*Description of the task*. Transcribe, with complete accuracy, all of the entries below except for the pictures.

** Opening Source material block **

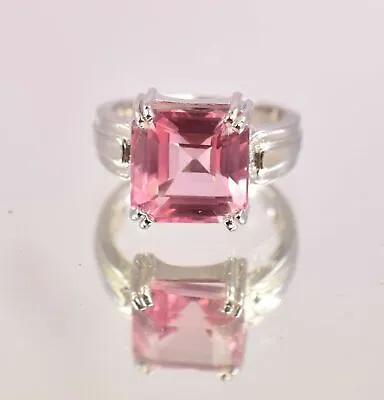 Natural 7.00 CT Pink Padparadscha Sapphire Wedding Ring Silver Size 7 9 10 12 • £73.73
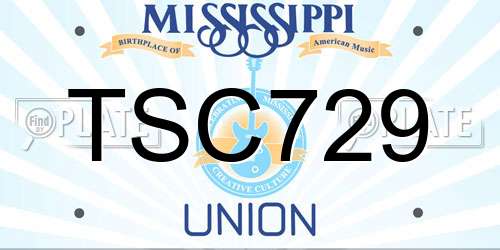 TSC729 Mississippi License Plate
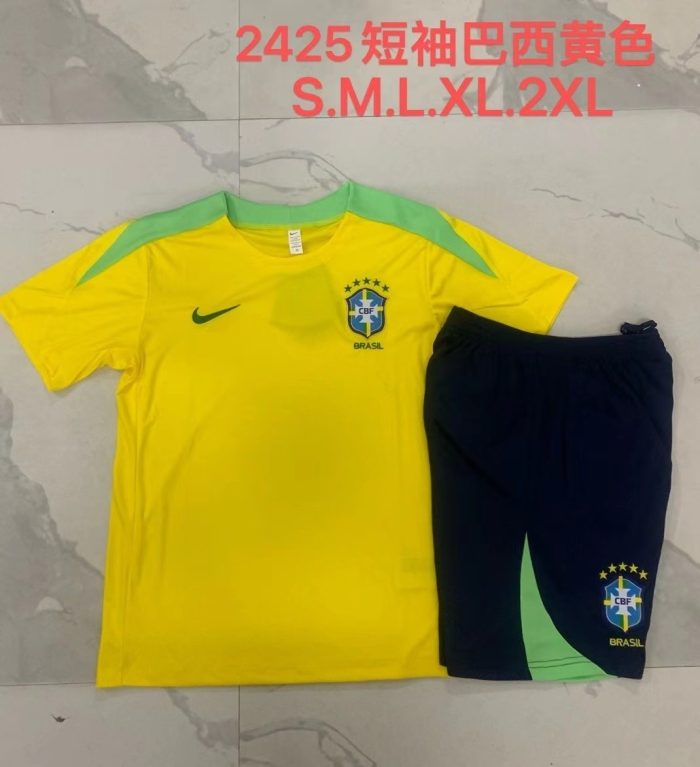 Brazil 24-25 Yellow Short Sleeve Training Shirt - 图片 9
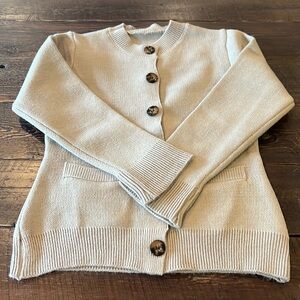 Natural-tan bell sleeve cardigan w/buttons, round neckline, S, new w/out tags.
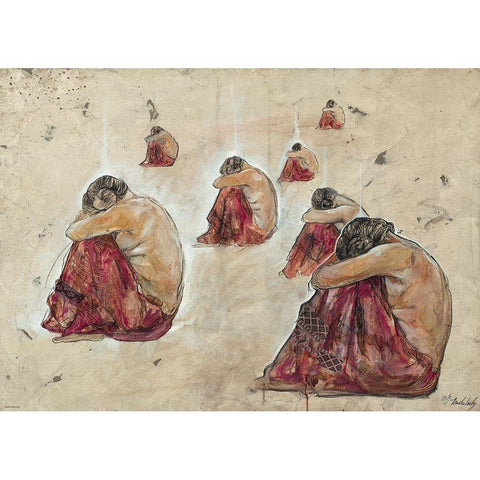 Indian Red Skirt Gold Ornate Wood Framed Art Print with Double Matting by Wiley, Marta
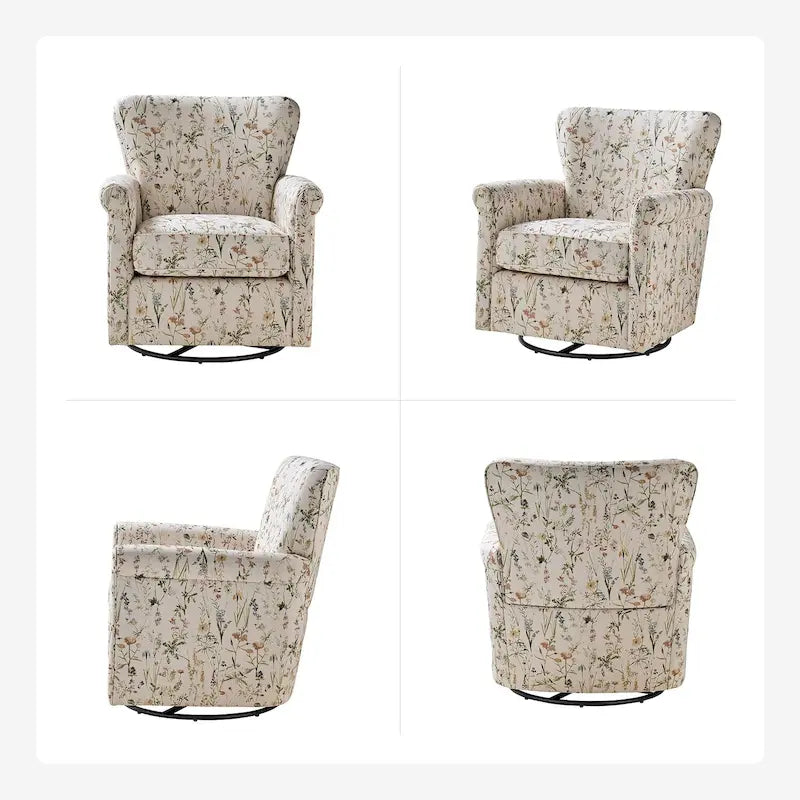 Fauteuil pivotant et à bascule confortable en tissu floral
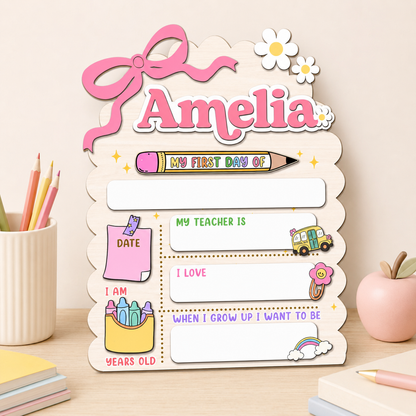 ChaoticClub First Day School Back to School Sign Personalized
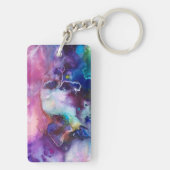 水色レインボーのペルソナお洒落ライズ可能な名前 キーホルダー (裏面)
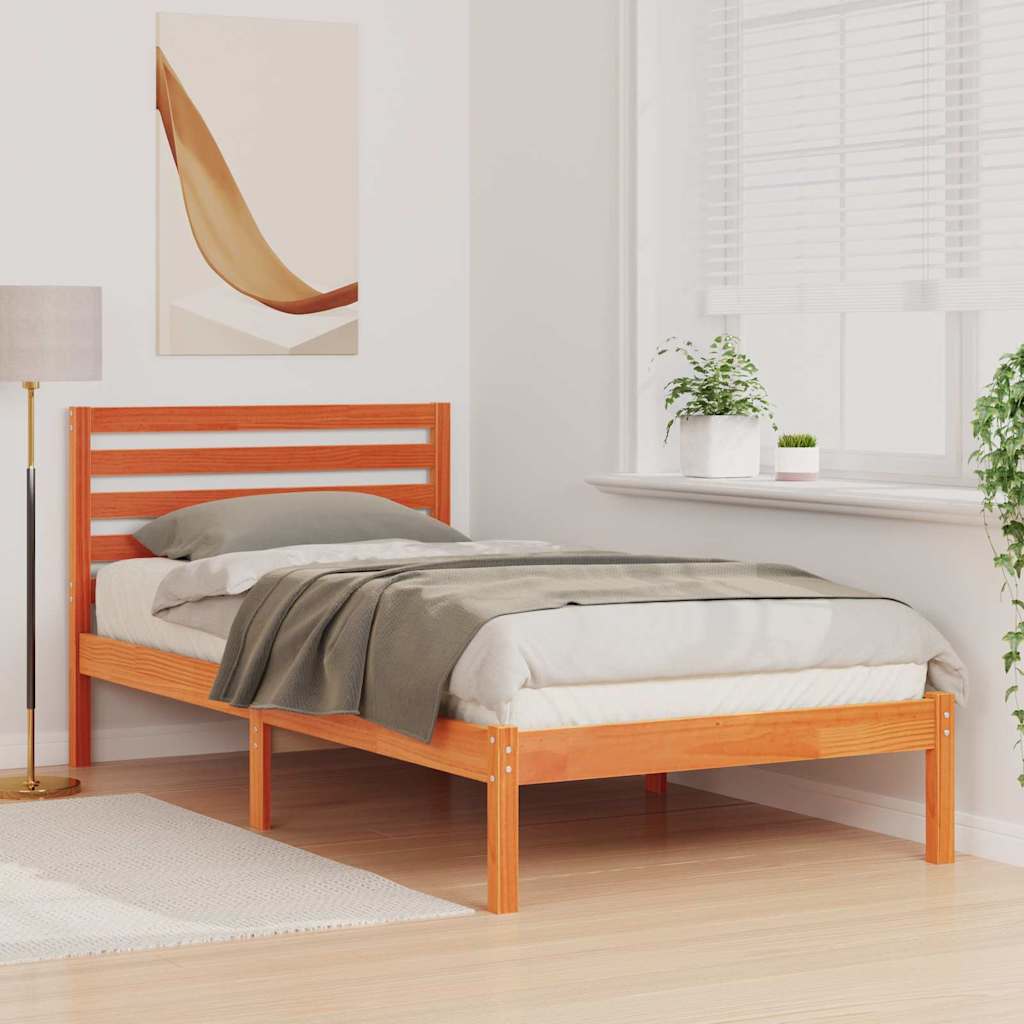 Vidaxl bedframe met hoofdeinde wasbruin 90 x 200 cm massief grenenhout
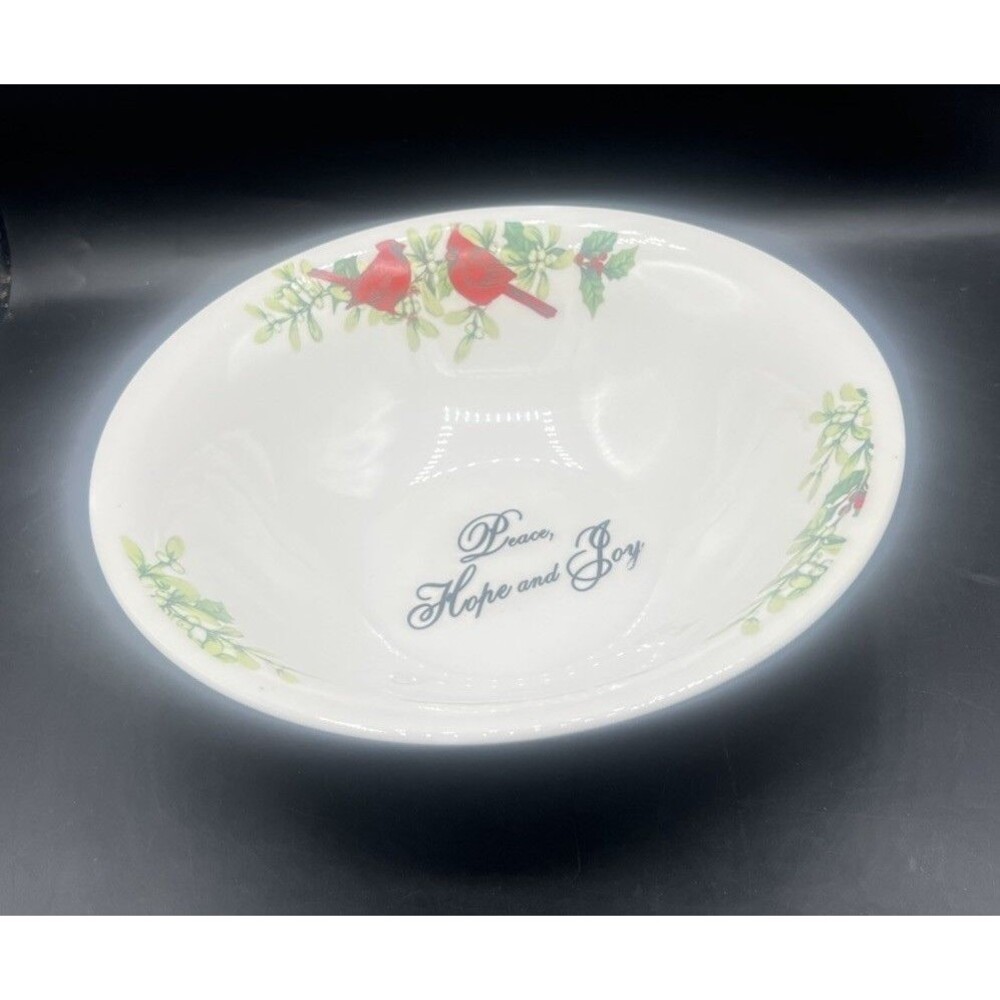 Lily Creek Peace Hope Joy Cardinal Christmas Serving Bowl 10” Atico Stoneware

** Closing Source material block **

*Solution for this exercise*.
 Natural 7.00 CT Pink Padparadscha Sapphire Wedding Ring Silver Size 7 9 10 12 • £73.73
 TSC729 Mississippi License Plate
 Brazil 24-25 Yellow Short Sleeve Training Shirt - 图片 9
 Natural-tan bell sleeve cardigan w/buttons, round neckline, S, new w/out tags.
 Indian Red Skirt Gold Ornate Wood Framed Art Print with Double Matting by Wiley, Marta
 Fauteuil pivotant et à bascule confortable en tissu floral
 ChaoticClub First Day School Back to School Sign Personalized
 水色レインボーのペルソナお洒落ライズ可能な名前 キーホルダー (裏面)
 Vidaxl bedframe met hoofdeinde wasbruin 90 x 200 cm massief grenenhout
 Lily Creek Peace Hope Joy Cardinal Christmas Serving Bowl 10” Atico Stoneware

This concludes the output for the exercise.